Data Availability: All relevant data are within the paper. In addition, raw choice behavior and reaction time data are publicly available at http://ccnl.dartmouth.edu/MdPRLrt_data.zip.
Funding: This work was supported by NSF EPSCoR (RII Track-2 FEC) grant to A.S. The funders had no role in study design, data collection and analysis, decision to publish, or preparation of the manuscript.
Competing interests: The authors have declared that no competing interests exist.
Investigations of response time (RT) have long been the focus of human psychophysics studies in order to distinguish between alternative mechanisms underlying mental processes [1–3]. Similarly, psychologists and neuroscientists have used the pattern of RT in different experimental conditions to infer neural processes underlying various cognitive functions. These include but are not limited to: visual processes [4–8], attention [7,9–12], memory [13,14], and decision making [15–18]. Here we asked whether RT could also be used to infer how reward values are learned and constructed in the brain.
In naturalistic settings, humans must use information about an object, such as its features (i.e. color, taste, texture), to determine whether it is rewarding. This is because one cannot learn the reward values for a large number of options that exist in the real world. For example, the features of fruit in a school cafeteria line may allow students to choose between many types of fruit available. A green, squishy pear may be compared to a red, crispy apple, based on what one knows about these features. Individual features, however, are not always predictive of reward; whereas a green apple may be tasty, a green banana may not. Therefore, in order for learning to adapt to different situations, it must be adjusted to incorporate reward feedback differently depending on the nature of the environment. Currently, extensive literature addresses how humans exploit various heuristics to tackle real-world decision-making and learning tasks [19–23]. We have recently shown that humans use a heuristic strategy to tackle learning reward values in dynamic multi-dimensional environments . More specifically, rather than directly estimating the reward value of individual options based on reward feedback (object-based learning), subjects estimate average reward values of features and then combine these values to estimate reward values for individual options (feature-based learning). Importantly, these learning strategies not only require different representations of reward values and updates based on reward feedback but also involve distinct methods for construction or comparison of reward values to make a decision.
We hypothesized that the way reward values are constructed and compared could influence how quickly a choice between two alternative options can be made.

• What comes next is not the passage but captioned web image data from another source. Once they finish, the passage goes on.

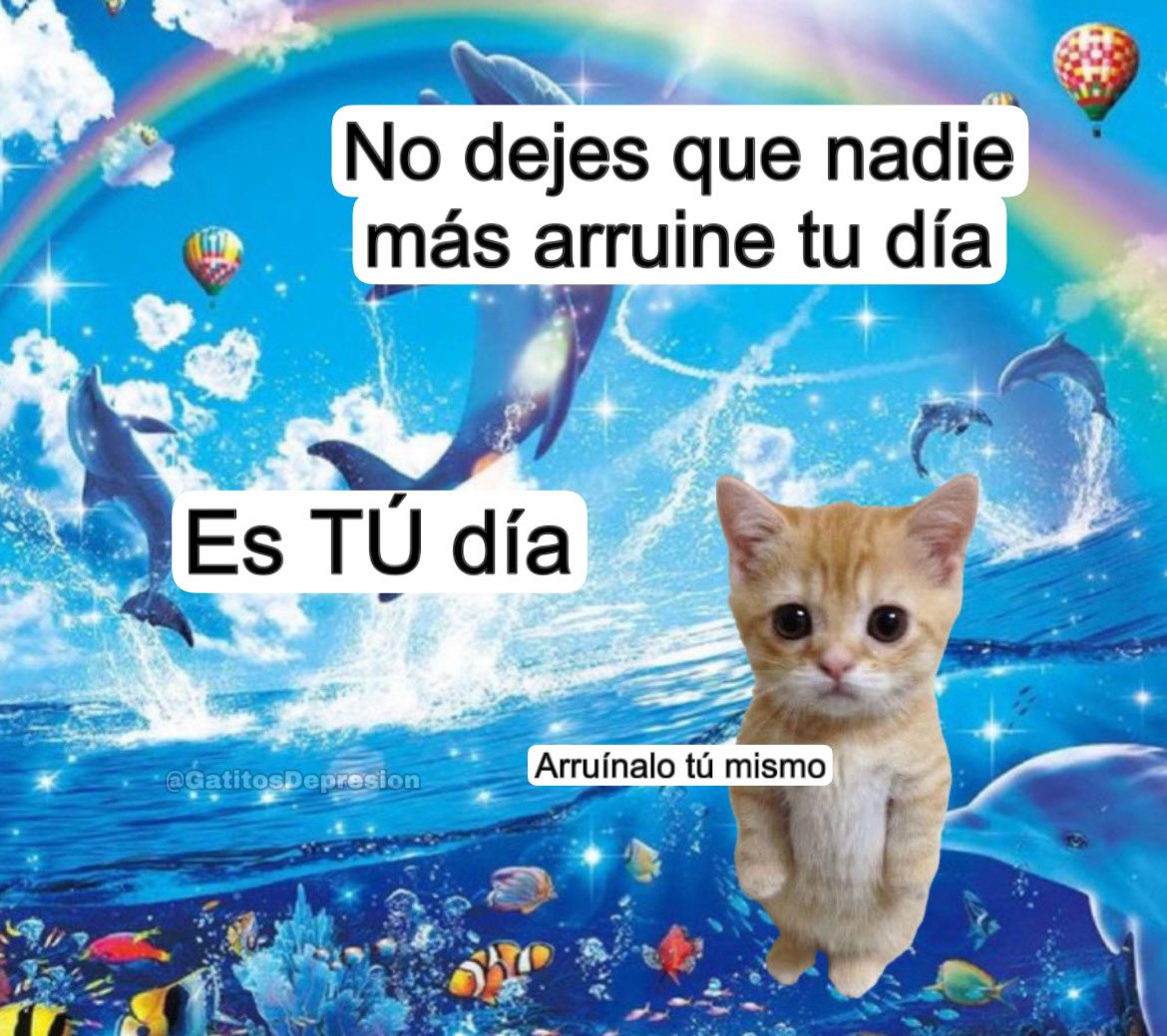 Gatitos Que Curan Tu Depresion tweet media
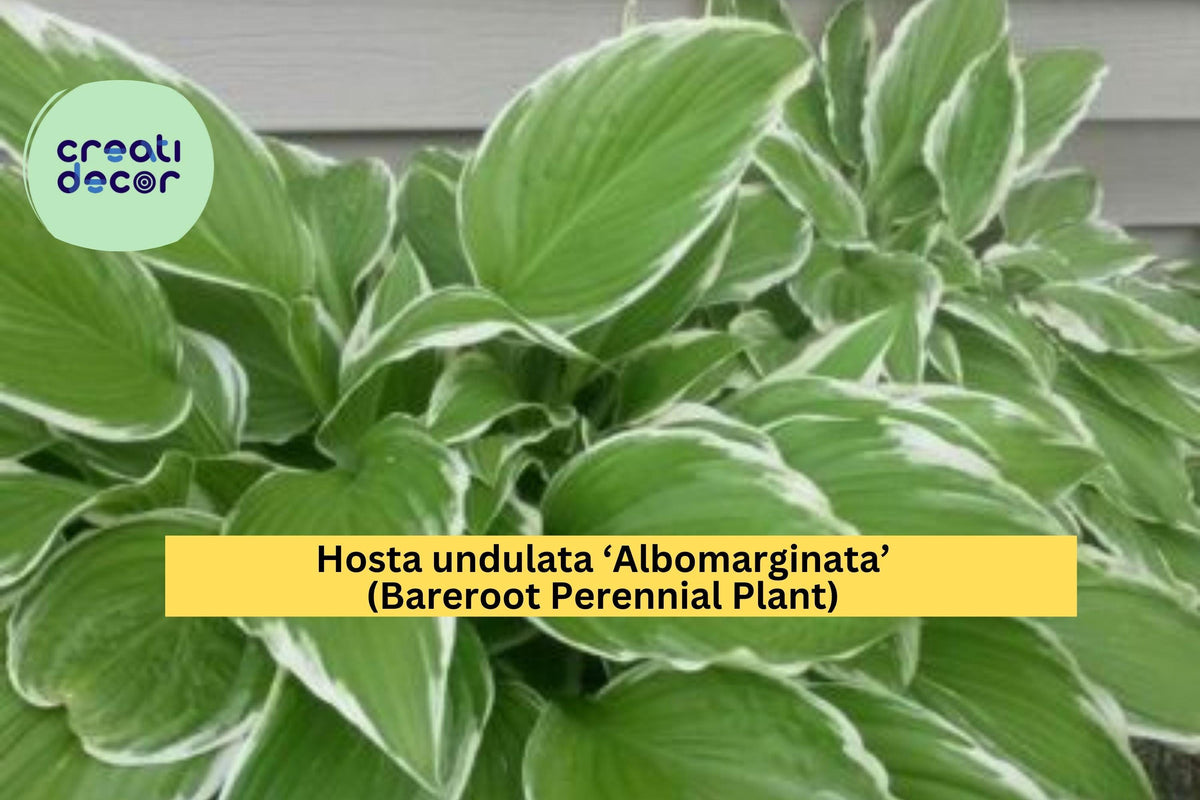Hosta Plant Bareroot Variegated Green and White Hosta undulata ‘Albomarginata’ Shade Perennial for Spring Gardens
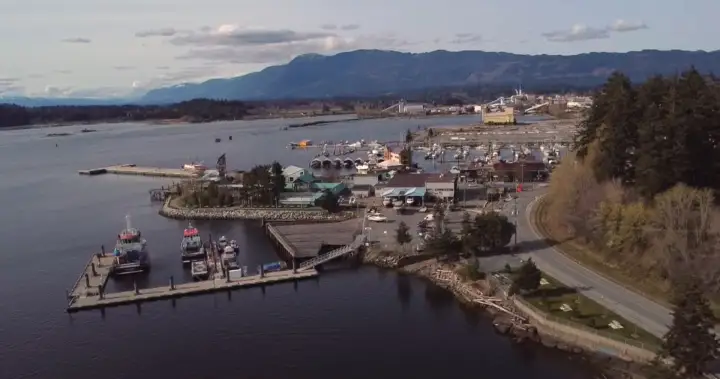 Port Alberni harbour residents say noise air pollution is affecting their lifestyle – BC | UNW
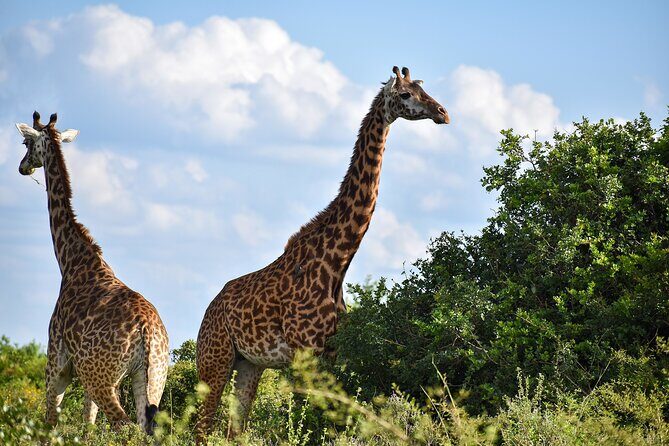 Private Tour Safari To Nairobi National Park - What Makes This Tour Stand Out?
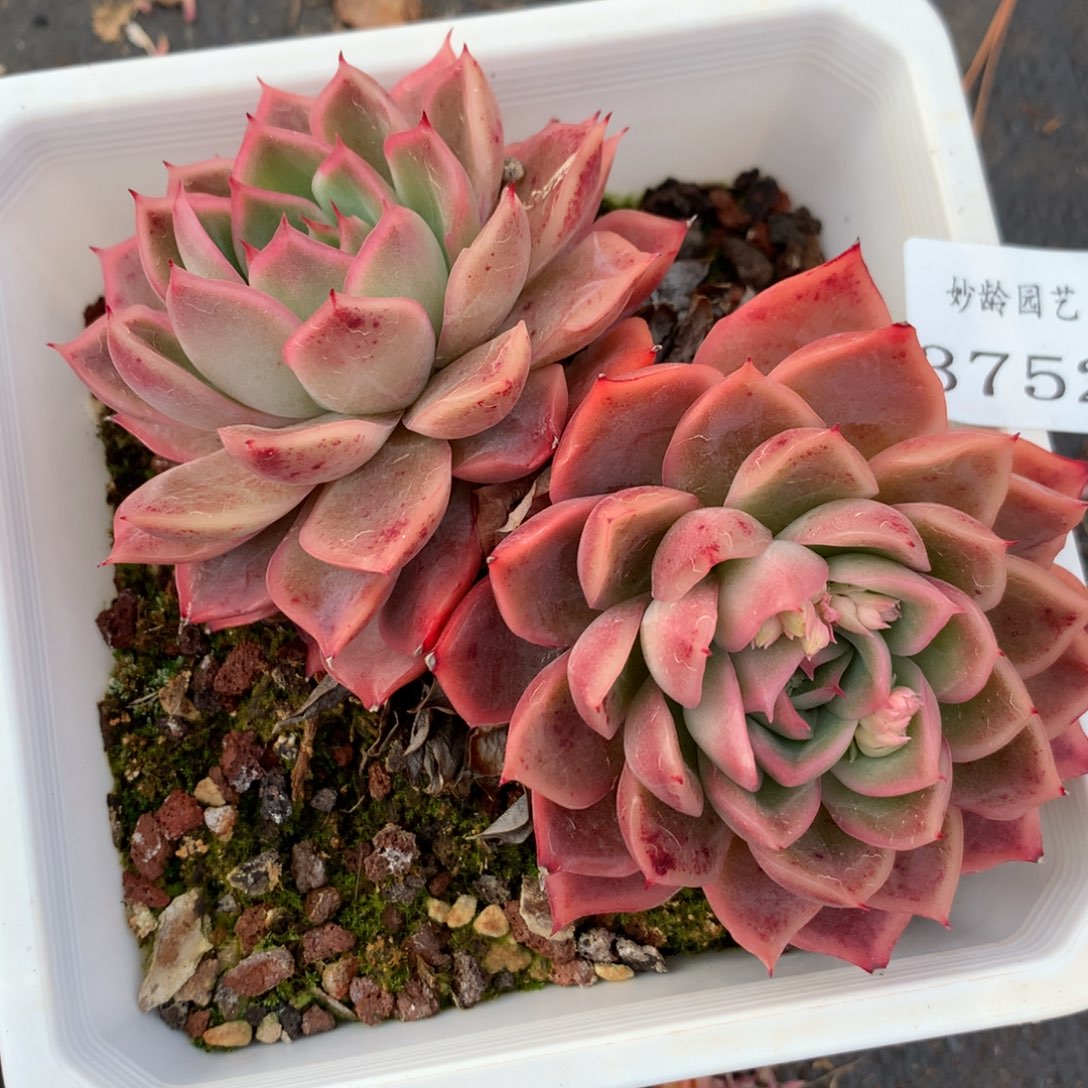 3752杂交多肉植物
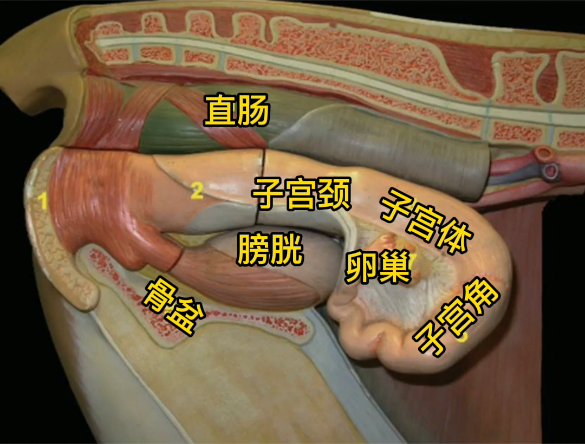 母牛繁殖系统解剖图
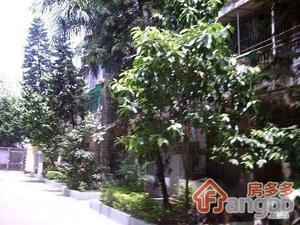 赤岗东路97号大院小区图片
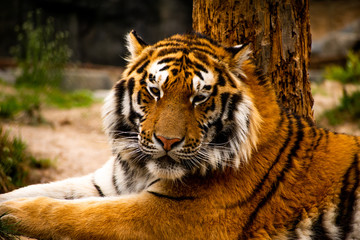 Closeup, front facing portrait of a Siberian Tiger. 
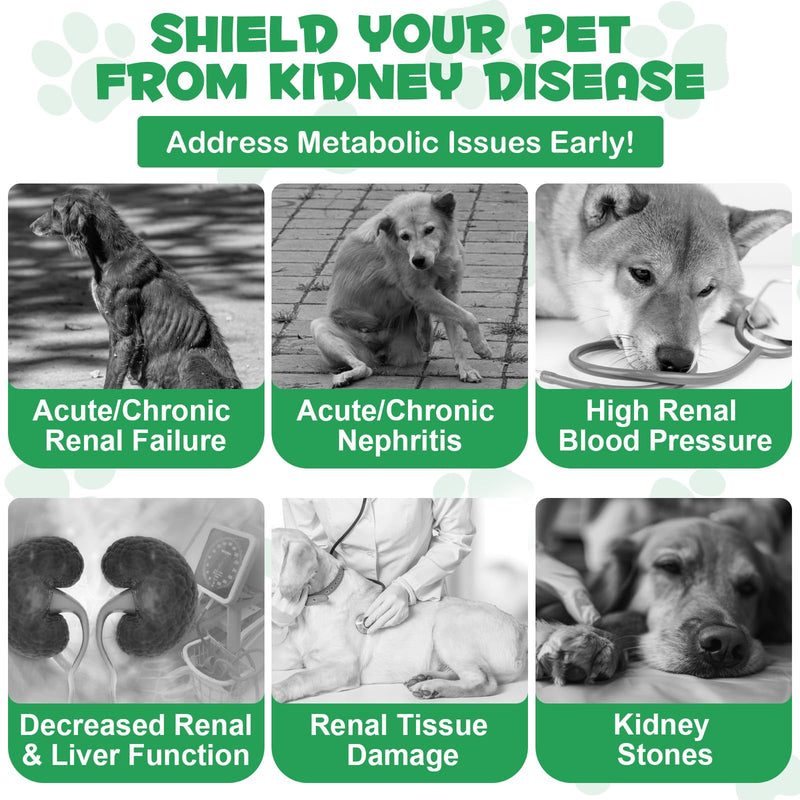 Kidney Support for Dogs, Kidney Support Herbal Supplement Drops Supports Healthy Kidney Function & Urinary Tract Health in Dogs Restoring Normal Appetite 2 oz - PawsPlanet Australia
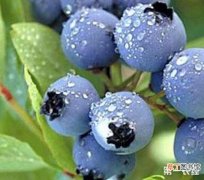 【肥料】蓝莓施用怎么样的肥料？蓝莓的施肥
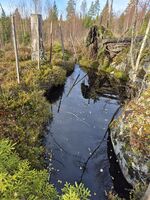 Et av gruvehullene ved Trautgruva.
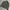 Vintage Adidas 00s windbreaker jacket  photo 1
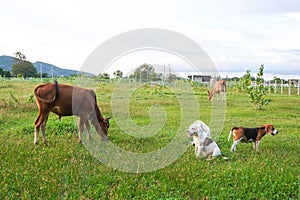 A gang of beagle dog is  guarding a cow which eating grass on the meadow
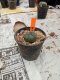 Lophophora williamsii 3-4 cm 4-5 years old - ownroot grow from seed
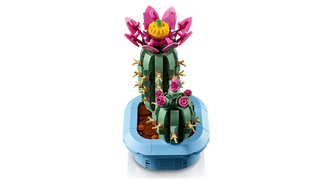 LEGO® Botanicals™ Flowering Cactus 11509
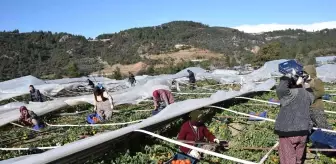 Antalya'da seraları bu defa poyraz fırtınası vurdu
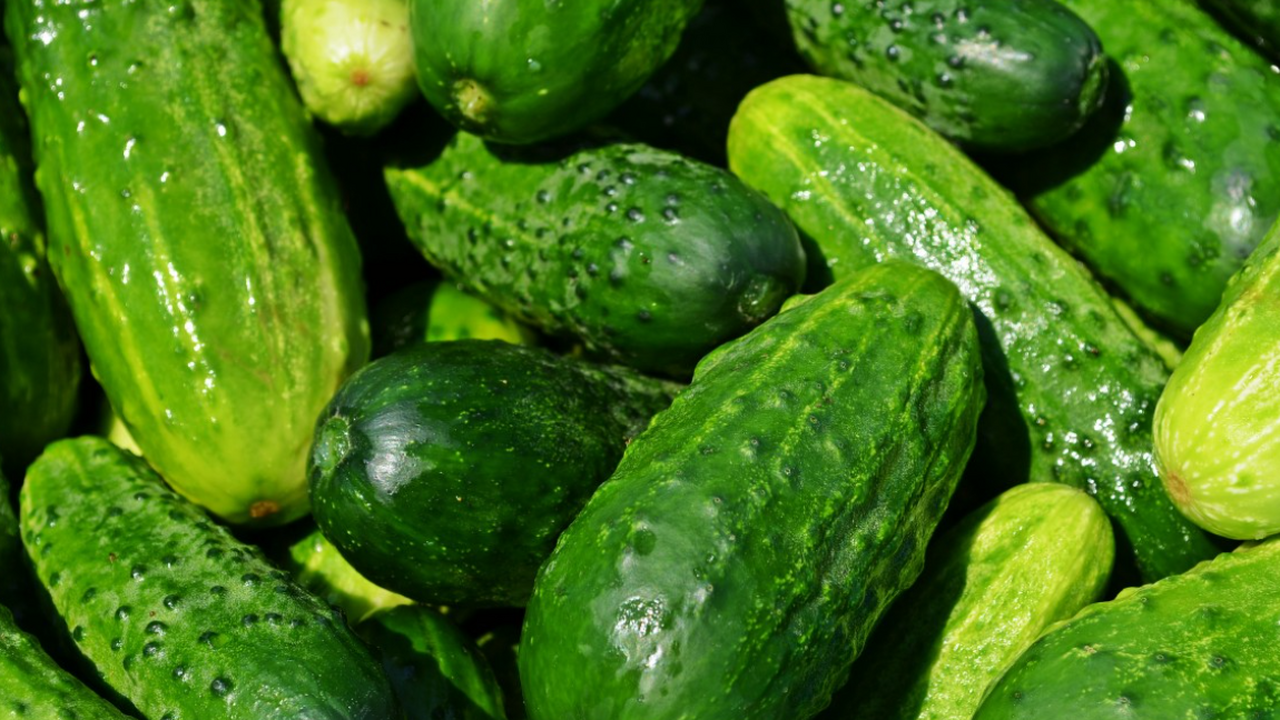 Рост цен на огурцы в России резко замедлился Росстат сообщил, что в период с 10 по 16 феврал...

To examine this influence, we considered three stages involved in value-based decision making. First, objects and/or their features need to be detected and identified in order to evoke the corresponding representations of reward values. Second, in the case of feature-based learning, the individual values of relevant features should be combined to construct the final value of an object. Third, the final values of two alternative objects should be compared to make a decision [25–28].
Because the choice during a given trial depends primarily on the difference between the reward values of the two options on that trial [25,29–33], decision making should be easier and faster when this difference is larger. This predicts that RT should decrease with the absolute value of the difference in reward values on a given trial. Moreover, if reward values of objects are directly estimated/learned (object-based learning), retrieval of reward values only requires identification of the two objects. In the case of feature-based learning, however, the subject has to construct reward values of objects after retrieving their feature values and combining them. This predicts longer RT when feature-based learning is adopted, indicating that RT could reflect the dominant learning strategy on a trial-by-trial basis when both strategies are present and compete with each other to determine choice.
To test the aforementioned predictions, here we analyzed choice and RT data during a set of multi-dimensional learning and decision-making tasks that can promote different types of learning strategies.
Materials and methods
Overview of experiments and approach
Human subjects performed a set of multi-dimensional learning and decision-making tasks. During each trial, the subject selected between pairs of objects (colored shapes or patterned shapes) that would yield reward with different probabilities (Fig 1). These probabilities could stay the same (static environment) or unpredictably change over time (dynamic or volatile environment). Moreover, the relationship between reward probabilities of objects and their features created generalizable or non-generalizable environments. In a generalizable environment, the reward probabilities assigned to different objects could be estimated from their features based on a multiplicative rule. In contrast, in a non-generalizable environment, reward probabilities assigned to different objects could not be accurately estimated using their features. By fitting choice behavior with seven different models, we identified which of the two classes of learning strategies (feature-based or object-based) was adopted by individual subjects during each experiment. We then examined prediction of the best object-based and feature-based models on a trial-by-trial basis in order to study how RT depended on the adopted learning strategy.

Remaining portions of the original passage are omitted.